Pierre-Émile Launois (24 July 1856 – 18 March 1914) was a French physician born in Moiremont, a commune in the department of Marne.

He studied in Reims and Paris, where in 1885 he earned his medical doctorate. He became médecin des hôpitaux in 1895, and professeur agrégé of histology in 1898. Afterwards he worked at the Hôpital Lariboisière.

Launois published several articles in the field of histology, but is primarily known for his studies involving the pituitary gland.

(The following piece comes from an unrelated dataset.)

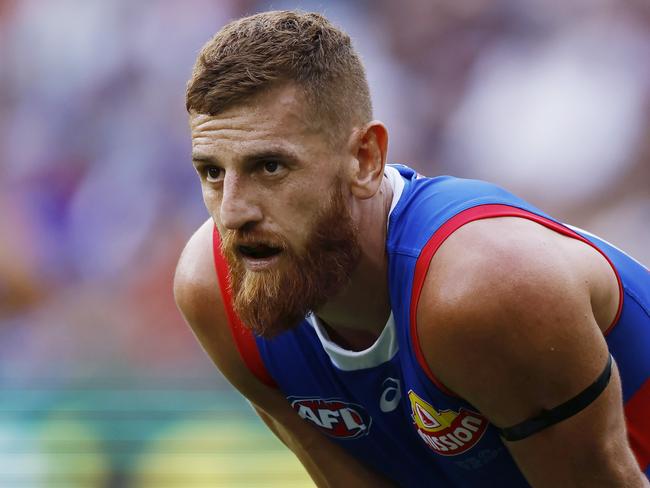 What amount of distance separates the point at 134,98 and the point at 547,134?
Answer: 229 centimetres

His name is lent to "Launois' syndrome", which is also referred to as pituitary gigantism. In 1910, with M. Cléret, he described "syndrome hypophysaire adiposo-génital", known today as adiposogenital dystrophy, a disorder associated with an adenohypophysial tumour or lesions of the hypothalamus.

With Raoul Bensaude (1866–1938), he described multiple symmetrical lipomatosis, a disease sometimes known as "Launois-Bensaude syndrome".

== Selected written works ==
- Manuel d'anatomie microscopique et d'histologie, with Henri Morau. Paris 1891; 2nd edition, 1900
- Manuel des travaux pratiques d'histologie, Paris 1897
- Conférences d'histologie appliquée sur les muqueuses, Paris 1905
- Les pères de la biologie, Paris 1905
- Les nouveaux traitements dans les malades nerveuses, with A. Porot. Paris 1907.
- Le syndrome hypophysaire adiposo-génital. Gazette des hôpitaux, with M. Cléret. Paris, 1910, 83: 57–64, 83–86.